[Stored entries]
- - - - -

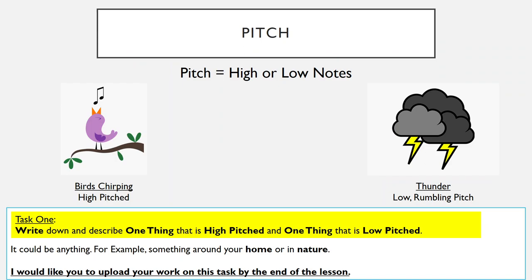So first, pitch. Pitch is basically just what we use to describe high and low notes. So if we hear something that sounds high, we say it has a high pitch. For example, birds chirping — that is a high pitch; birds chirp with a high pitch. On the other hand, thunder has a low rumbling pitch; it sounds really low and deep. So everything around us has a pitch and you describe it as having a high or a low pitch.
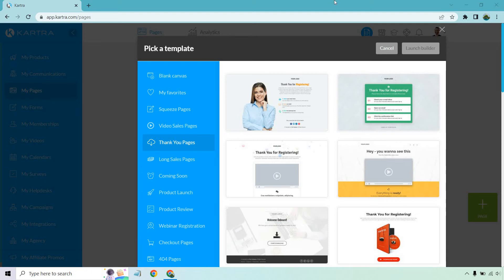Hello and welcome to my video where I'm going to be showing you how to create a Kartra thank you page. This is in continuation to my last video where I showed you how to create a landing page. This is going to be the thank you page, and the last part is going to be a separate video where I show you how to create the opt-in form. If you haven't gotten to test out Kartra or you'd like to follow along, I'll put a link in the description — click that and you get a 14-day trial. Let's begin.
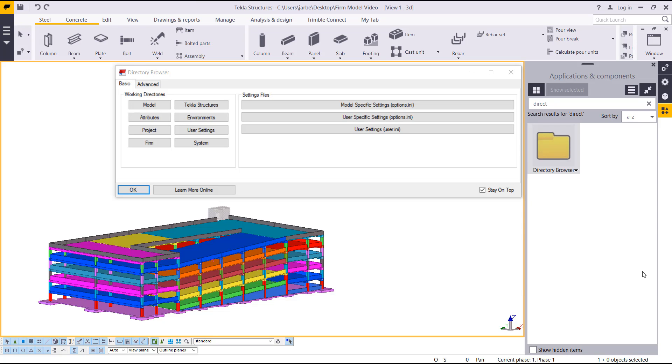Hi everyone and welcome to this presentation for setting up your firm folder in Tekla. My name is Jared Beeman and I'm an application specialist on the concrete segment for Tekla Structures.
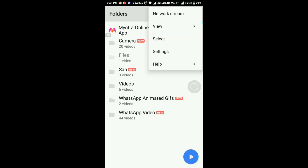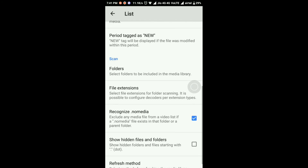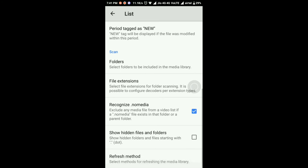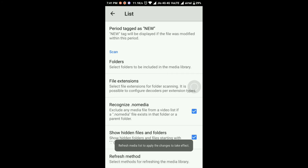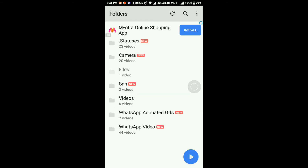Click on the settings and the list. Click on the show/hide folders. Click on the status button.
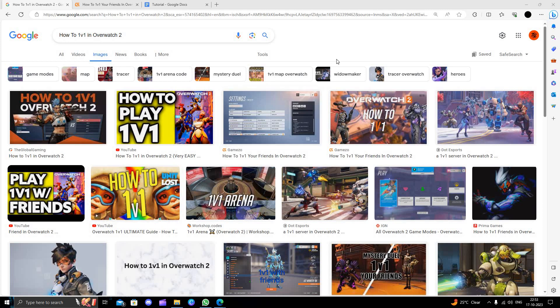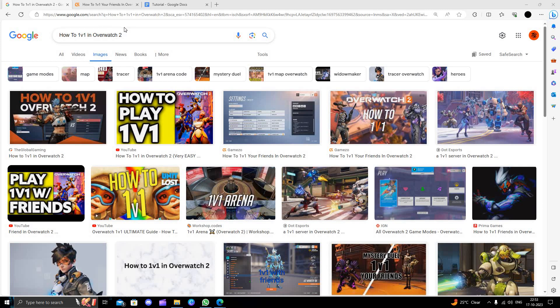Hello and welcome back to my channel. In today's video, I will show you how to 1v1 in Overwatch 2. So let's get started.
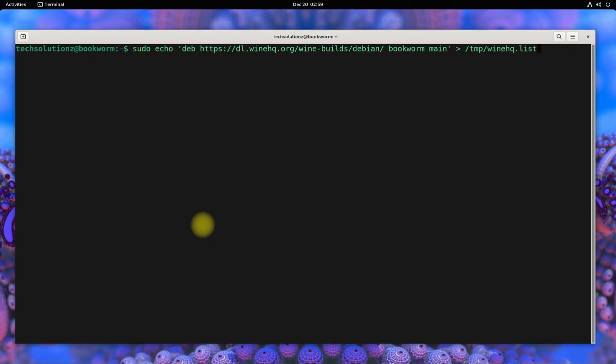Apparently, the added repository will be in a temp folder with winehq.list name. Now use the cp command to copy this to the required location.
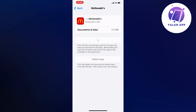Sometimes it might be that the McDonald's payment system overall is down, and there's nothing you can do but wait. That reason is not as common in general, but it could be the reason as well, just so you're aware.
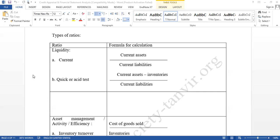Suppose you have one crore current assets and current liabilities of taka one crore — both are the same. That does not mean your liquidity position is good, because you need all your current assets to pay current liabilities. If you have one crore current assets but current liabilities of two crores, you have more current liabilities than current assets, meaning your liquidity position is very poor. You can't pay current liabilities using your current assets.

- - - - -

• **TASK PROMPT**
Going by the data above, the answer is exactly the lines from the one holding "Hi everyone and" to the one holding "Sometimes it might", both kept, with the pictures left out.

• **TASK RESULT**
Hi everyone and welcome to this presentation for setting up your firm folder in Tekla. My name is Jared Beeman and I'm an application specialist on the concrete segment for Tekla Structures.
Click on the settings and the list. Click on the show/hide folders. Click on the status button.
Hello and welcome back to my channel. In today's video, I will show you how to 1v1 in Overwatch 2. So let's get started.
Apparently, the added repository will be in a temp folder with winehq.list name. Now use the cp command to copy this to the required location.
Sometimes it might be that the McDonald's payment system overall is down, and there's nothing you can do but wait. That reason is not as common in general, but it could be the reason as well, just so you're aware.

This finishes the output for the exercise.